An illustrative divergence is visible in the comparison between unhealthy and dry vegetation during the 2019–20 Australian bushfire season (Black Summer) and flourishing vegetation in December 2021.

2 Detecting drought in January 2020 (on the left) using the EVI vegetation index

Yellow means very healthy vegetation while dark green means unhealthy.

EVI provides a quantitative measure of vegetation health, allowing wineries to track the overall condition of their entire vineyards, as opposed to individual vines. This can help identify early signs that might not be immediately obvious to the naked eye. By tracking EVI trends over time and comparing them to historical data, we can identify drought conditions early and alert vineyard managers to take appropriate actions. By analyzing EVI alongside soil moisture data, we can develop irrigation strategies that ensure efficient water use and prevent over- or under-irrigation. EVI data can also detect early signs of potential diseases affecting vineyards - unhealthy vegetation might indicate the presence of pests or diseases.

Pixels to Precision: Refining Analysis: AI-Powered Examination of Individual Fields  

Moving beyond regional assessments, a finer-grained evaluation of individual fields is achievable. Given the scarcity of labelled data, an unsupervised approach is adopted to categorize similar agricultural fields based on their EVI and basic spectral bands. This approach rests on the assumption that similar plant types exhibit analogous responses to environmental changes.

Since we lack knowledge of the exact field boundaries, we can use the unsupervised machine learning algorithm, K-means clustering, to partition unlabelled data points into K clusters predicated on their similarity. In the context of Sentinel-2 data, K-means facilitates the grouping of similar pixels according to their spectral characteristics and EVI values.

3 Clustering similar fields using unsupervised K-means clustering

The outcome of K-means clustering is cluster labels that assign each data point to one of the K clusters. K-means is basically like sorting coloured balls into groups by finding their average colours. In the realm of Sentinel-2 data, these labels serve to identify areas characterised by similar spectral attributes. These areas can then be subjected to further examination for valuable insights, such as land use classification and environmental monitoring, and as input to the segmentation algorithm.
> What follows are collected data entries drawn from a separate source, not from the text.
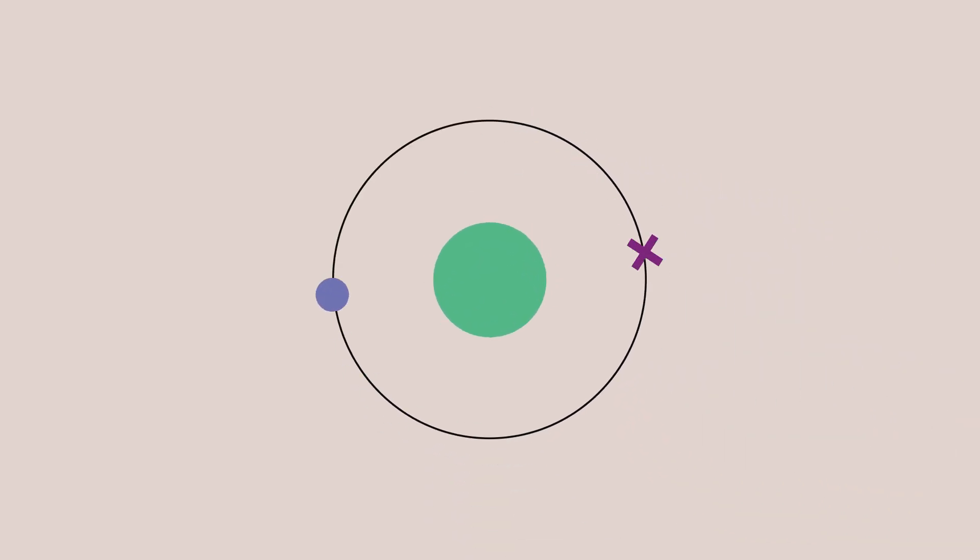This is a video about dot and cross diagrams. So what are dot and cross diagrams? Dot and cross diagrams are simply a straightforward way of drawing the electrons in the orbitals of atoms and compounds.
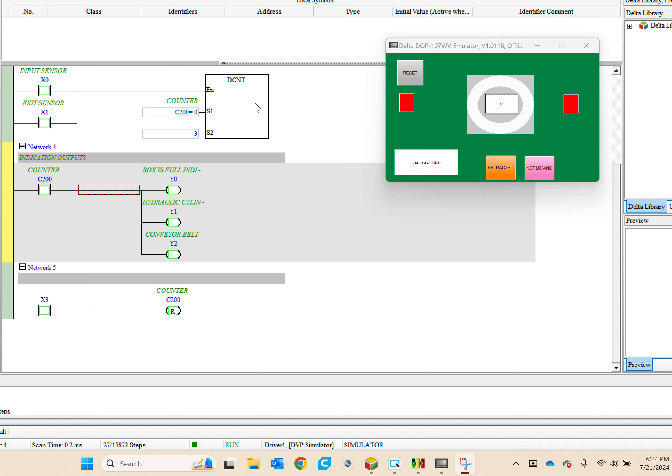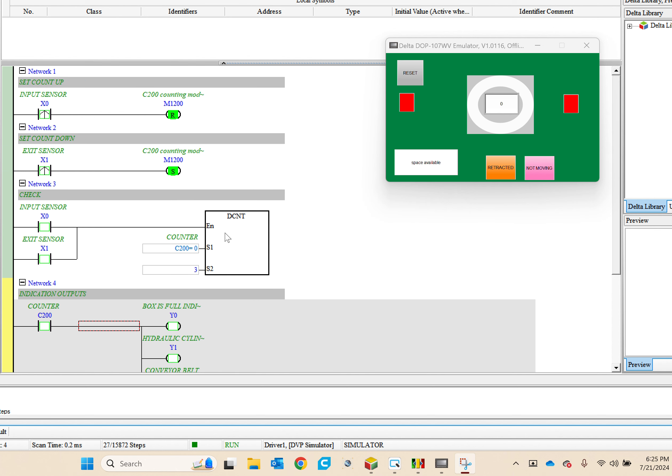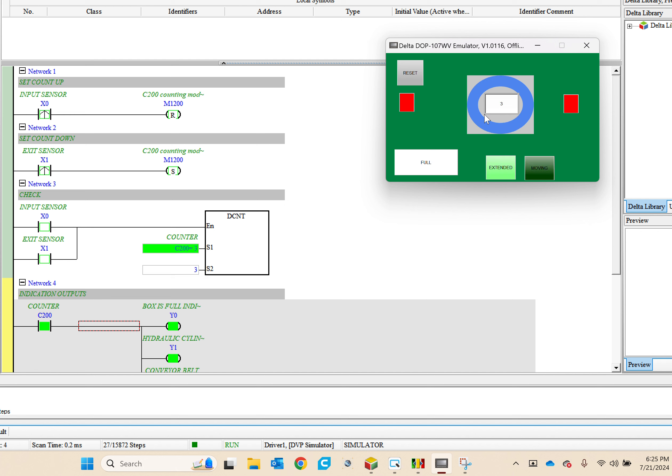And this X3 is tied to this and resets this. So we're at one, two, three - it says full, extended, and moving.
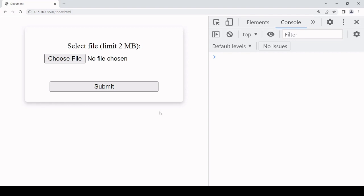Hello everyone and welcome to this tutorial. Today I'm going to be showing you how you can validate the size of a file before you upload it. I'll show you how to do this for a single file and also for multiple files.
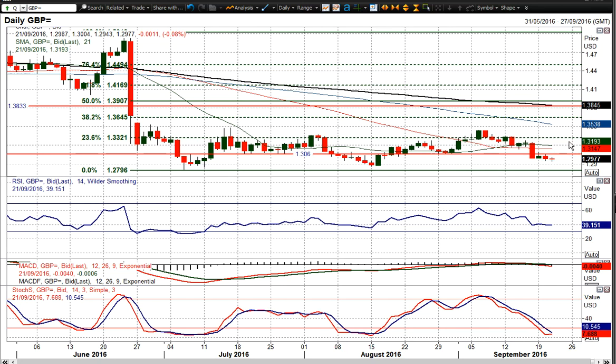For now there is a bearish bias within this band, and selling into strength remains the way to play Cable — but obviously a big caveat being the Fed tonight. I wish you good luck in your trading and I'll speak to you later.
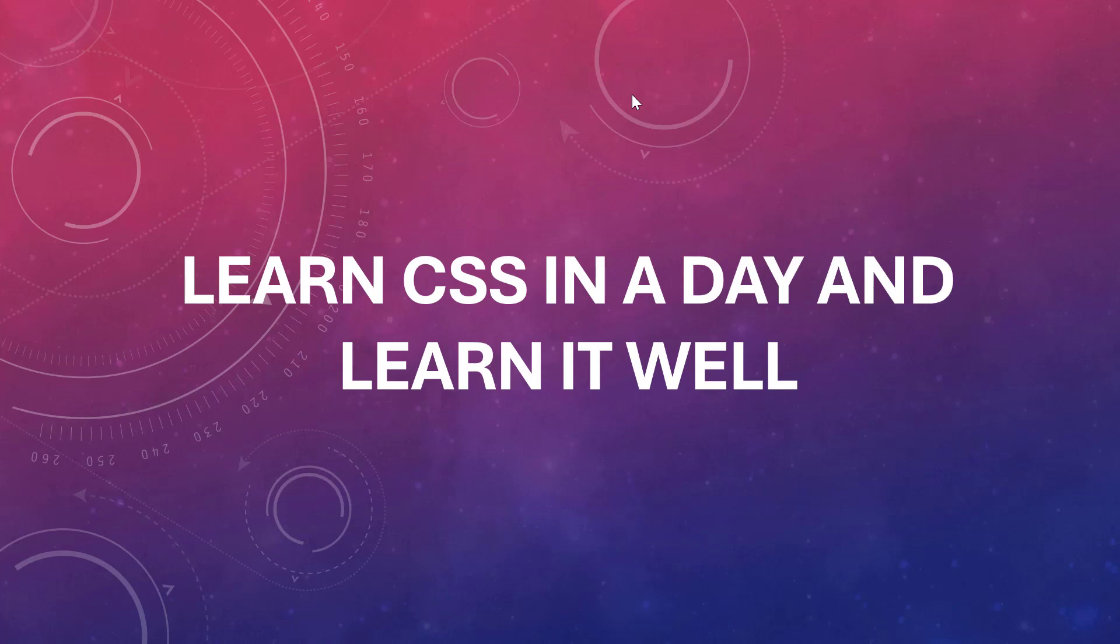Hello guys, welcome back. In this course, Learn CSS in a Day and Learn It Well, as the title suggests, I'm going to teach you CSS from zero to hero and the key functionalities and components that will help you to start off and build your website and style it the way that you want.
In order to extract individual fields for an even higher resolution, to facilitate analysis of individual fields, we can use Felzenszwalb's algorithm, a segmentation technique widely employed in image processing and computer vision.

4 Individual field retrieval (yellow) using Felzenszwalb's algorithm

This algorithm functions as a bottom-up segmentation tool, aggregating pixels with similar characteristics and spatial proximity into segments or regions. It’s like drawing lines around squares of similar colours in a picture to make shapes. This method facilitates the extraction and analysis of individual fields for future investigations, such as precision agriculture management, crop yield prediction or individual field risk assessment.

Estimating Bushfire Risk: An Advanced Application of Satellite Data

There is the potential for satellite data to be used in proactive bushfire management. Satellite imagery empowers us to assess both individual fields and entire regions for their bushfire susceptibility as well as, with the power of AI, forecast vegetation health, drought conditions and disease outbreaks.

The Bushfire Risk Estimation can be calculated using the already mentioned EVI index, alongside other indices calculated from satellite bands, such as the Normalised Difference Water Index (indicative of liquid water presence), the Normalised Burn Ratio (used to identify burned areas and quantify burn severity), and current surface temperature.

In addition, these indices and satellite data play a crucial role in aiding state and federal government agencies in enhancing industry resilience, planning for disaster preparedness, and in pre-positioning resource allocation for recovery activities. This collaborative approach ensures the preservation not only of the Hunter Valley's wine industry but also of other vital sectors vulnerable to the challenges posed by our rapidly changing climate.